Como se respondesse a minha pergunta, o R2 apareceu trazendo duas bandejas de vidro. Os olhos deles piscaram com uma luz amarela e imediatamente abriu-se uma portinhola no chão da nave bem à minha frente, de onde surgiu uma mesinha. O R2 jogou nela uma bandeja com uma comida esquisita. Antes que eu pudesse perguntar o que era (o que, na realidade, eu não iria fazer, faminto com estava) ele falou:
— Aprecie, Mectá, pois isso é muito mais do que merece seu pobre paladar. São repolhos defumados com aroma das ilhas tropicais de Panatibéia com cogumelos gigantes, desfiados, cheios de encanto e prazer descomedido e feijões laranjas grelhados com o rico tempero da extinta cozinha de Quem-Deixou-o-Gás-Vazar?. Você terá bananas ocas, fritas e polvilhadas com caramelo sabor verão e muita, mas muita, curtição, como sobremesa.

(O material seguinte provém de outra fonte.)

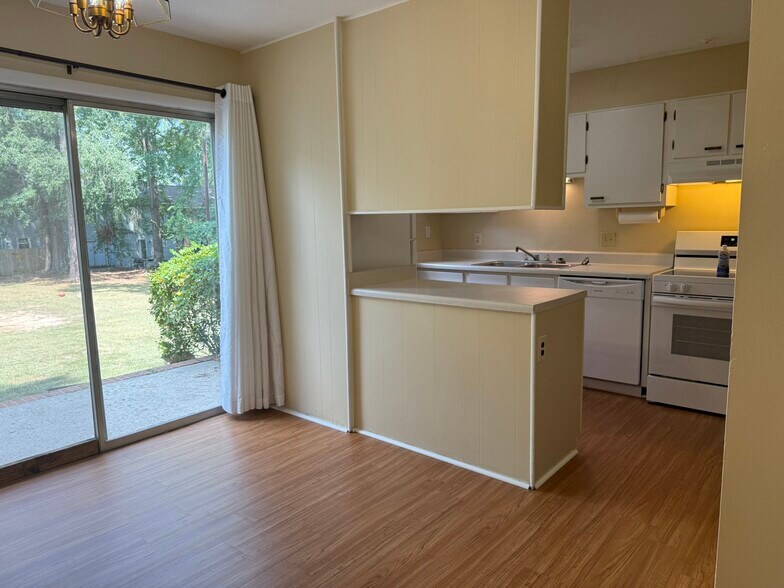 View of Kitchen from Dining Room - 1705 Grays Inn Rd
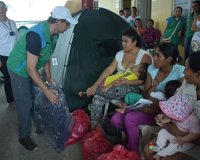 Colombia se vuelca con los menores afectados por las inundaciones en Mocoa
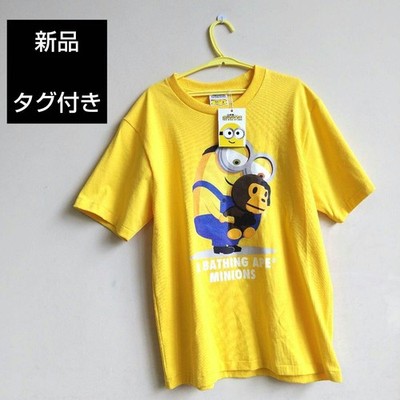 Bape Minions Men'S T-Shirt Size M(US S)Unused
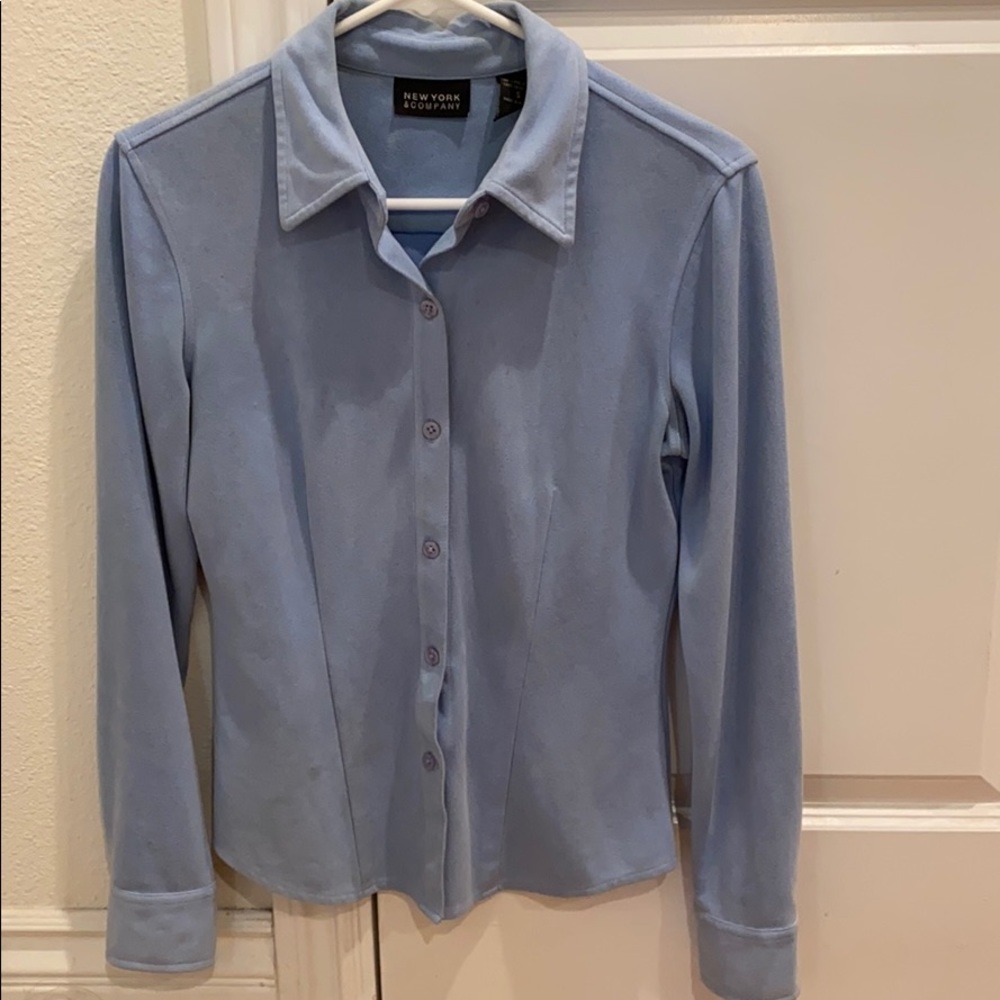 New York & Co women’s button down shirt size S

Eu já tinha colocado metade do prato principal para dentro e dado a outra metade a Luna. Não sei se o jantar estava realmente saboroso ou foi apenas minha fome colossal. Só sei que depois de comer não conseguia pensar em nada muito concreto. Adormeci sobre a mesa e sonhei sendo perseguido por cogumelos gigantes armados com bananas ocas carameladas ao longo das praias tropicais de Panatibéia.
Quando acordei, com Bongo gritando meu nome, estávamos em Solavanco.